= Prathyangira Devi Temple, Ayyavadi =

Temple in India

Prathyangira Devi Temple is a Hindu temple (mandir) located at Ayyavadi in the Thanjavur district of Tamil Nadu, India. The temple is dedicated to Goddess Pratyangira Devi - a powerful incarnation of Goddess Adishakti and the female consort of Lord Sharabha.

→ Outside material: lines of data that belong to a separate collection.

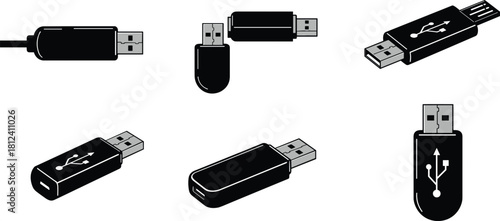USB flash drive icons collection, digital storage device illustrations, black USB stick set, portable data storage symbols, technology hardware graphics pack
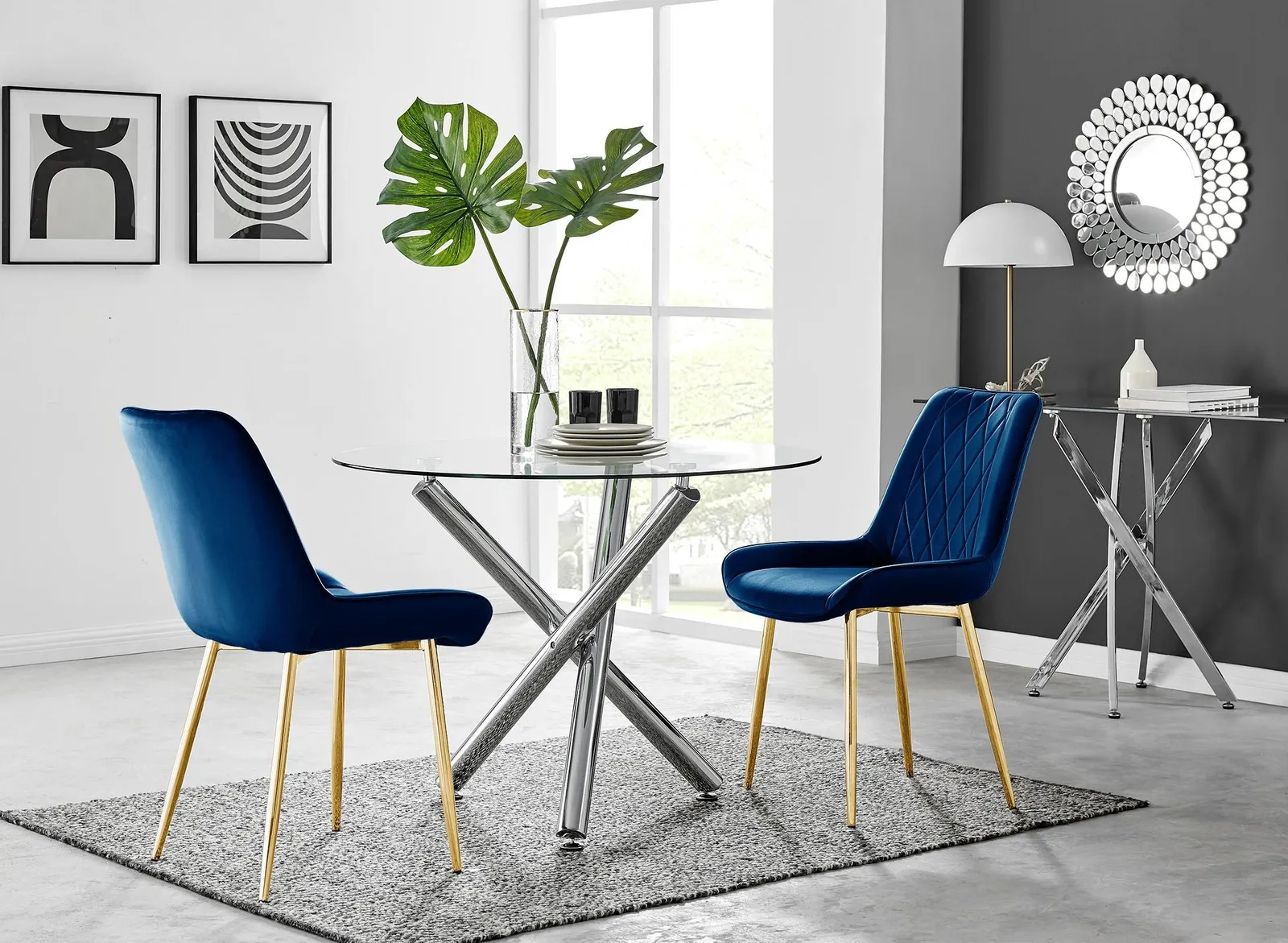 FurnitureboxUK Selina Round Glass Chrome Leg Dining Table & Pesaro Gold Leg Chairs in Navy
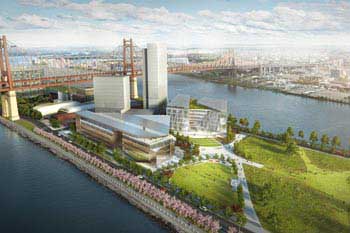 Future passivhaus building recreation on Roosevelt Island in New York Future passivhaus building recreation on Roosevelt Island in New York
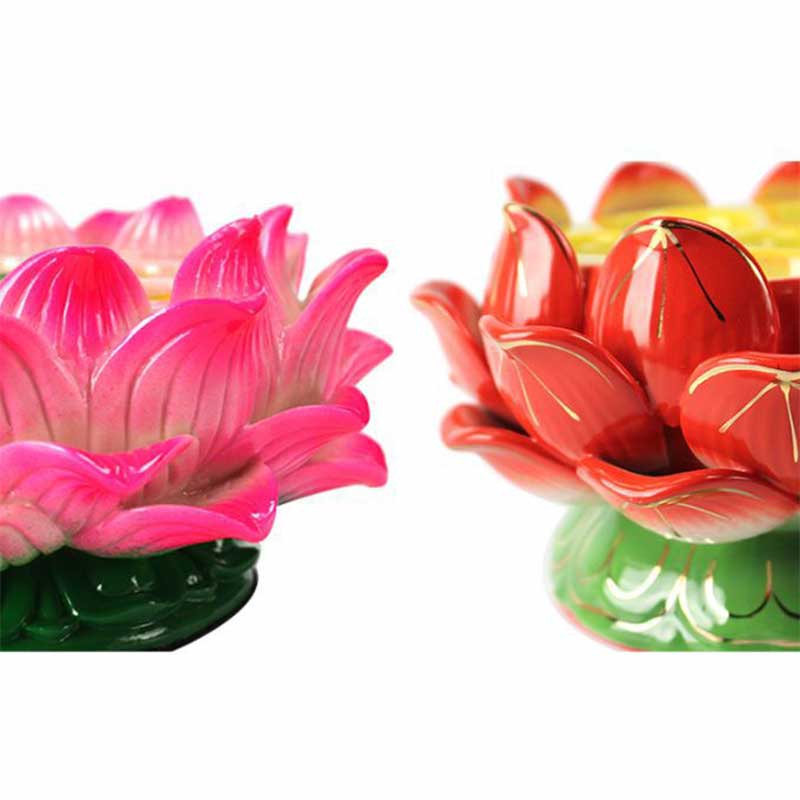 Buddha Stones Meditazione Preghiera Altare Fiore di Loto Portacandele Tempio Buddista Rituali Usa Articoli
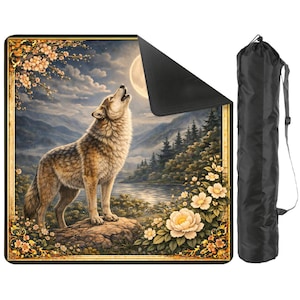 Moon Wolf Mahjongmatta med bärväska - Skogsdjur Skogsanda Halkfri Mah Jong-platta Tillbehör för lekmatta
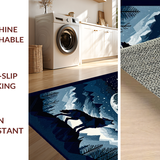Ultra Soft Area Rug, Non Slip, Stain Resistant, Washable Area Rugs for Living Room, Bedroom, Soft Gray Animal Silhouette Design(Blue)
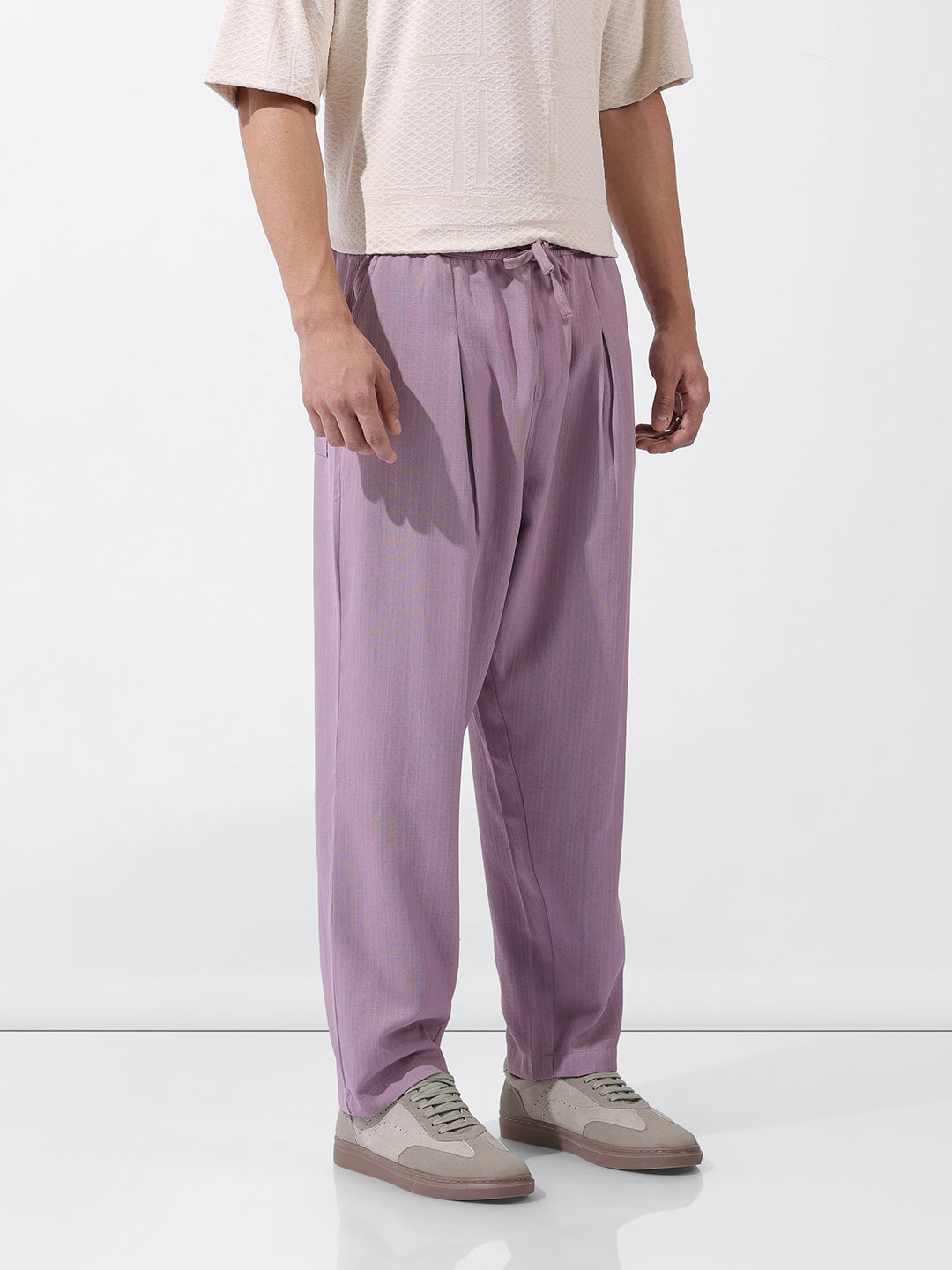 Men's Purple Loose Fit Resort Wear Trousers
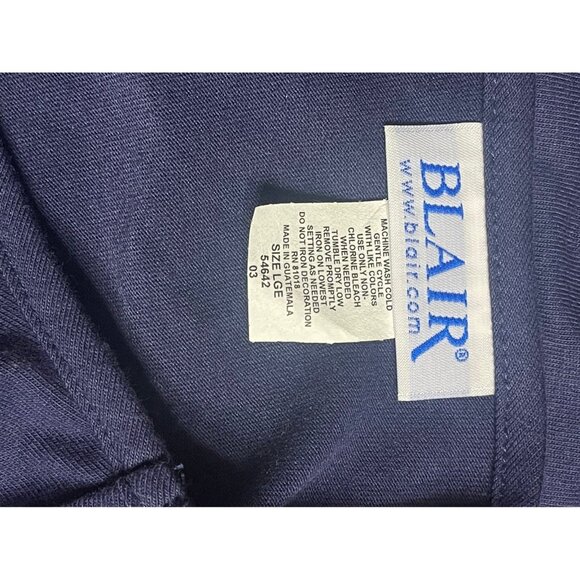 BLAIR.Women short sleeve pullover with embroidered flower‎ navy size LG - Picture 9 of 11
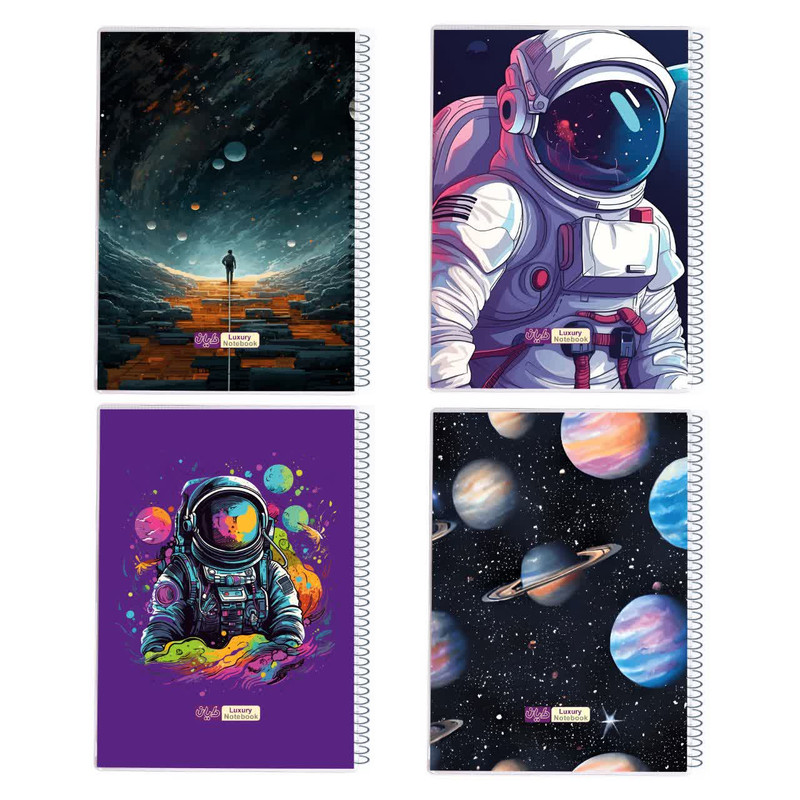 دفتر مشق 80 برگ دایان طرح فضانورد 2 کد 55242 بسته 4 عددی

In this temple, there are idols of Goddess Lakshmi and Goddess Saraswathi placed nearby the idol of Goddess Pratyangira. Goddess Lakshmi is standing in her Pratyangira form and also in her normal form.

== Significance ==
The temple is more than 1000 years old and is associated with legends of the MahabharataIt is believed that this temple was visited by Pancha Pandavas before Mahabharata war and hence the banyan tree outside this temple has leaves bearing five different shapes.The main idol of Prathyangira devi is not sculpted but believed to be a swayambu(idol forming on its own)from the surrounding eight graveyards. The temple itself is situated inside a past graveyard. Every year a homa is conducted in which lots of red chillies are burnt but it doesn't cause any burning to nose or eyes. Prathyangira devi protects her devotees from black magic ,evil eyes provided the devotee is geniune. The idol of Prathyangira Devi is flanked by those of Lakshmi and Saraswati.